La dehesa, qui s'étend à perte de vue
C’est
un écosystème artificiel relativement récent. Gerardo le qualifie de « savane anthropique ». La dehesa est le
résultat d’un éclaircissement de la forêt méditer ranéenne pour les besoins des agriculteurs et des éleveurs de la région. On y trouve principalement du chêne vert et du chêne liège à une densité de 10 à 50 arbres
par hectares. Cette forêt ouverte est gérée de manière extensive pour l’élevage. Les bovins, ovins, caprins et
porcins y pâturent, ils se nourrissent d’herbes, de feuilles et de glands. Certains espaces sont cultivés en céréales qui sont souvent laissées sur place et mangées par les animaux. Parfois, lors
des bonnes années, elles sont récoltées.
Photo: Chênes verts clairsemés de la dehesa
La surface d’une exploitation en dehesa peut atteindre plus de 1000 hectares! Nous avons, par exemple, rencontré un propriétaire qui possède 850 hectares pour l’élevage de 200 bovins.
Le Chêne liège
L’extremadure est une grande région productrice d e
liège. Sur un chêne liège, on récolte
le liège tous les 10 ans. Cette
récolte se fait par prélèvement de plaques, décollées du tronc de l’arbre. Les
plaques sont mises à
sécher sur la parcelle, puis, une fois sec, le liège est transporté à l’usine où il est plongé dans de l’eau
très chaude afin de pouvoir l’assainir et l’aplatir. Il est ensuite utilisé à 80% pour la fabrication de bouchons et le reste, lorsqu’il est de mauvaise qualité, est aggloméré pour l’isolation.

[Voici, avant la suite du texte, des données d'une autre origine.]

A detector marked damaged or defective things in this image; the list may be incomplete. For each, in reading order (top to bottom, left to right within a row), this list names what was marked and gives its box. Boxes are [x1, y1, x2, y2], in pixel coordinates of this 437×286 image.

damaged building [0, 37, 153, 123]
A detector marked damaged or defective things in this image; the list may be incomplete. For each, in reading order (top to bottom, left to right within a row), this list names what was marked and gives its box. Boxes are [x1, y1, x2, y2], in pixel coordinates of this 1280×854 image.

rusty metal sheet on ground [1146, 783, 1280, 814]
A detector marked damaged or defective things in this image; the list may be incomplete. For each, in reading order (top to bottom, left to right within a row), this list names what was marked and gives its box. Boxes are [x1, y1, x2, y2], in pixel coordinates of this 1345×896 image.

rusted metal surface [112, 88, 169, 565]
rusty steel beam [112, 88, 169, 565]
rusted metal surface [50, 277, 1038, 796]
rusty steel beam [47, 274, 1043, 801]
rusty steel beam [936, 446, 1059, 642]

On peut faire jusqu’à 20 récoltes sur la vie d’un arbre.
Liège en coupe, à la surface de l'écorce
Chênes lièges marqués par la dernière récolte
La régénération
La majorité des chênes de la dehesa ont entre 100 et 200 ans. Sur certaines exploitations le plus jeune arbre a 50ans ce qui remet en question la pérennité de ce système. Gerardo nous a beaucoup parlé de ce problème de régénération et la plupart de ses recherches p ortent aujourd’hui sur ce sujet.

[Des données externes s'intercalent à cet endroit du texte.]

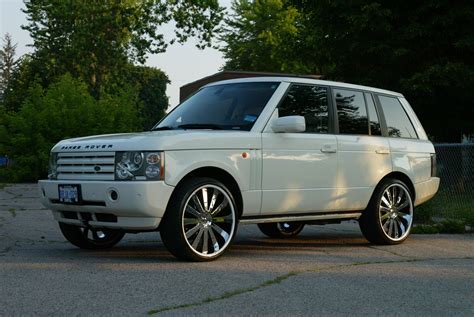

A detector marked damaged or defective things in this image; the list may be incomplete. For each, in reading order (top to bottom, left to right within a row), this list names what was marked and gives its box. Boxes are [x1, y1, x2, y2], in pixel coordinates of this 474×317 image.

cracked pavement [0, 183, 474, 314]
road crack [146, 256, 472, 314]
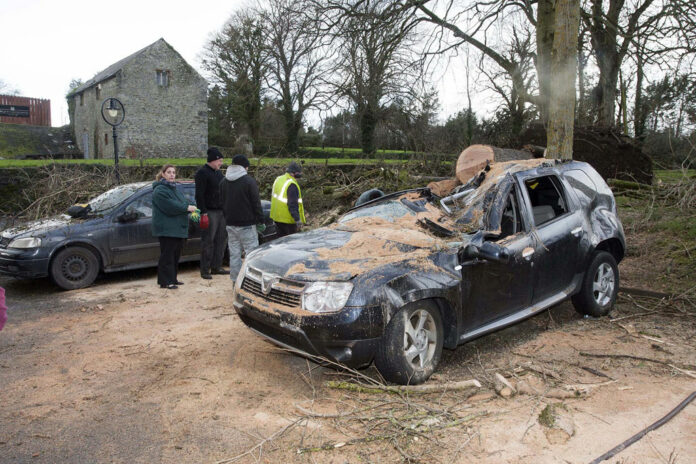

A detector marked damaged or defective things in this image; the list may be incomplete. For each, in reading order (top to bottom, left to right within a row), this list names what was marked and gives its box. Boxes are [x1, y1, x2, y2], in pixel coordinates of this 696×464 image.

shattered windshield [87, 184, 147, 215]
shattered windshield [338, 200, 414, 224]
crashed suv [232, 160, 624, 384]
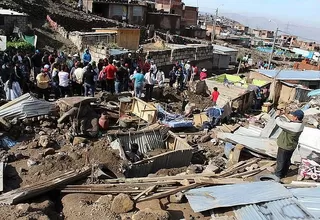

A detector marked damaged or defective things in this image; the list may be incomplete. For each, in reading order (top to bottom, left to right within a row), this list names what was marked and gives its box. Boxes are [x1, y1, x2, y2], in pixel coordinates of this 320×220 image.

broken plank [138, 183, 200, 202]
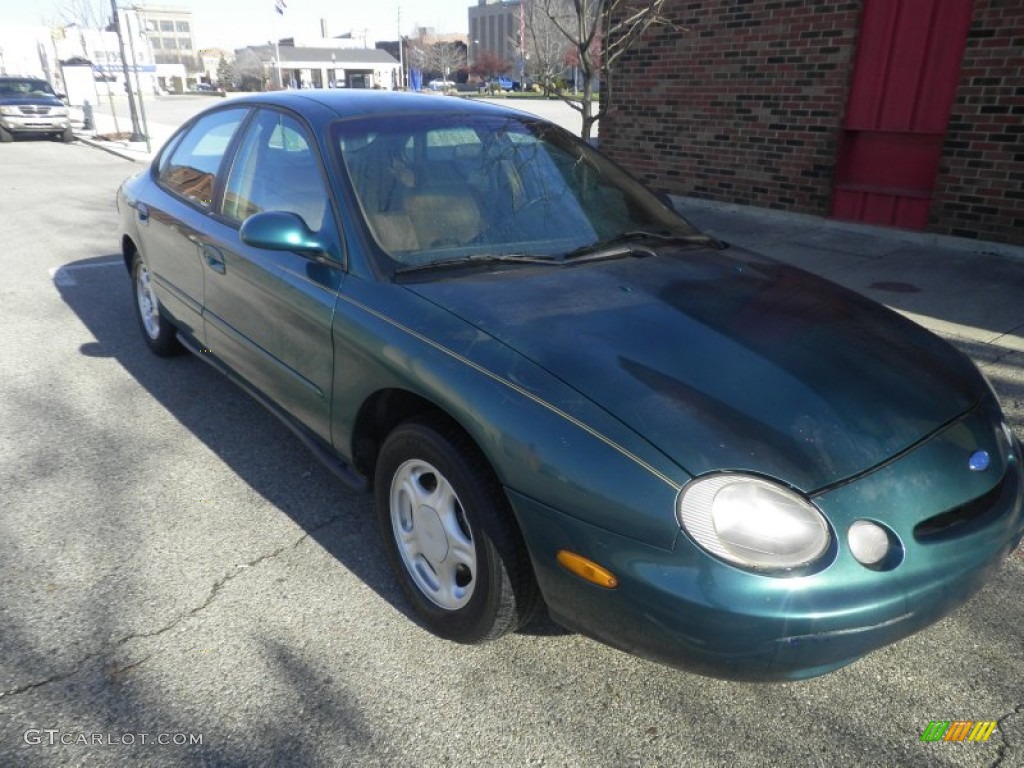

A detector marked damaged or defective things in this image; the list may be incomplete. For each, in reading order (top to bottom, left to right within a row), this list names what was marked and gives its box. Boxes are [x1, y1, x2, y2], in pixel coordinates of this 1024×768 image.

pavement crack [0, 518, 346, 704]
pavement crack [991, 704, 1024, 768]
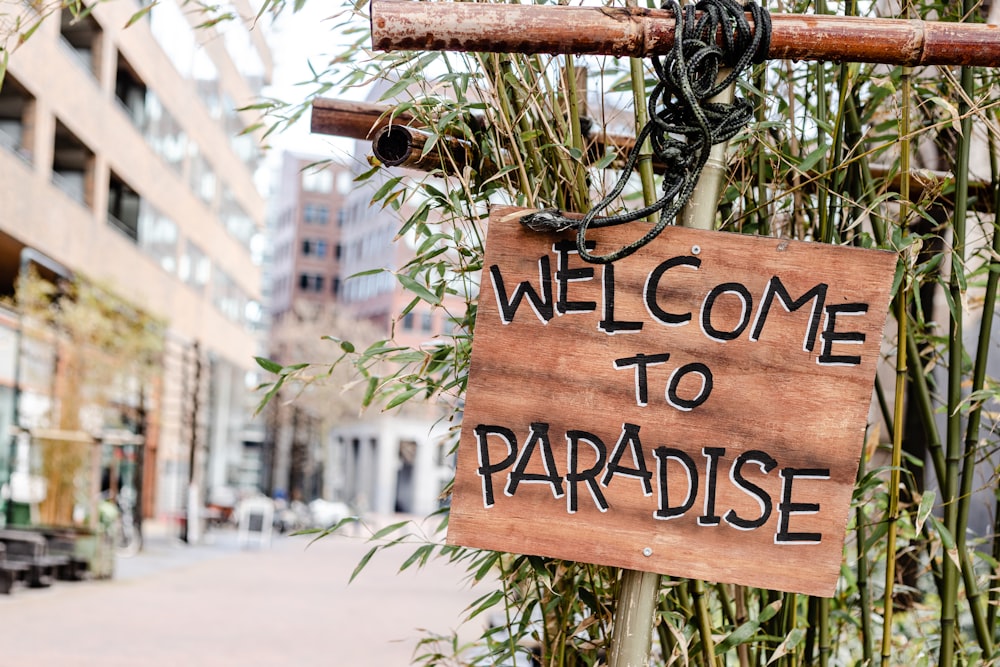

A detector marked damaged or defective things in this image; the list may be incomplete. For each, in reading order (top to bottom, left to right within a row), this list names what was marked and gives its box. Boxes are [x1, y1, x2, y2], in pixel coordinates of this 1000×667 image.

rusty metal pole [372, 0, 1000, 67]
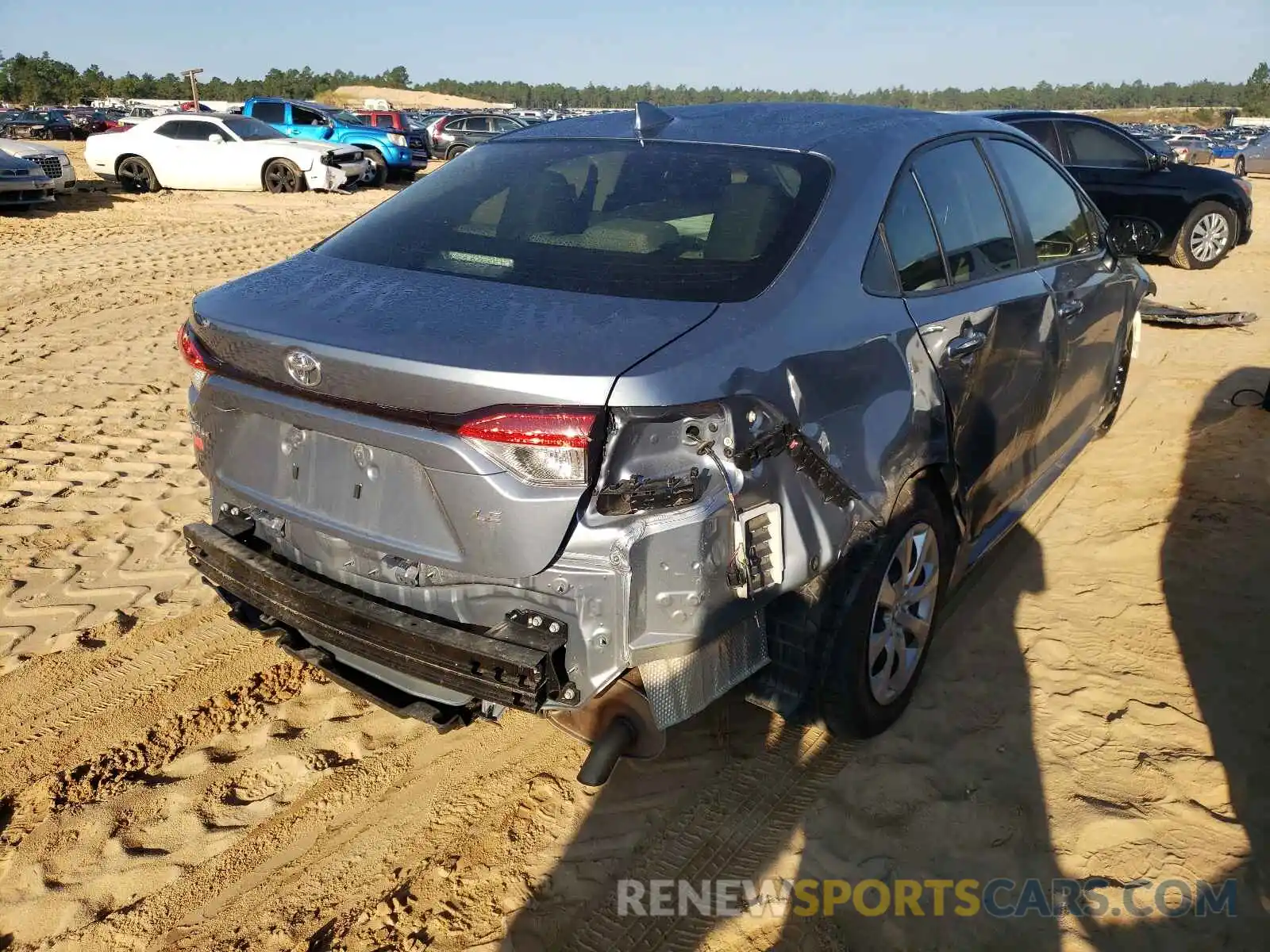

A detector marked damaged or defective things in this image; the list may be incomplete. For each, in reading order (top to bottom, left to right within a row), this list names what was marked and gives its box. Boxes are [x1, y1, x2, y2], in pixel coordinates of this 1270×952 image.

wrecked car in lot [181, 104, 1163, 787]
damaged rear quarter panel [606, 141, 955, 593]
crumpled sheet metal [1143, 303, 1260, 330]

Il y a encore 50 ans, les animaux quittaient la dehesa lors de la saison estivale pour s’en aller pâturer dans la montagne, ce qu’on appelle la transhumance. De nos jours, cette pratique tend à disparaître. Les animaux restent toute l’année dans la dehesa, ce qui laisse donc moins d’opportunités aux glands de redonner un chêne. Il faudrait établir une rotation pour laisser le temps aux pousses de chênes de devenir assez robustes pour supporter la pression des animaux. De manière artificielle, il est toujours possible de replanter et de protéger de jeunes arbres, mais le coût est bien supérieur à celui d’une régénération naturelle. Aujourd’hui l’Etat finance les replantations, mais n’aide pas une diminution de la densité animale qui permettrait une repousse naturelle.
Jeunes pousses de chênes protégées par des broussailles
Les animaux de la dehesa
Les productions animales de la dehesa peuvent être à forte valeur ajoutée. On y trouve des élevages du
« toro bravo », taureau des arènes de corrida, les « vacas negras ibericas », vaches locales, et les porcs noirs ibériques, dont le kilo de viande peut se négocier jusqu’à
100€. Le plus souvent, les races locales sont croisées avec des races à viande comme le charolais afin d’augmenter la production tout en conservant une bonne rusticité essentielle à
l’adaptation aux conditions d’élevage. Nourris en partie par la végétation naturelle en herbacées et les glands tombés au sol, les animaux grandissent plus lentement et développent une viande à
la saveur particulière.
Vaches et cochons pâturent au milieu des arbres
Les moutons, chèvres et chevaux trouvent aussi leur place dans la dehesa. Chaque exploitation possède des retenues d’eau pour l’abreuvement du bétail. La ration alimentaire est généralement complétée par du concentré et de la paille. Parfois, une partie de l'exploitation est cultivée en céréales, qui sont également pâturés par les animaux, en complément.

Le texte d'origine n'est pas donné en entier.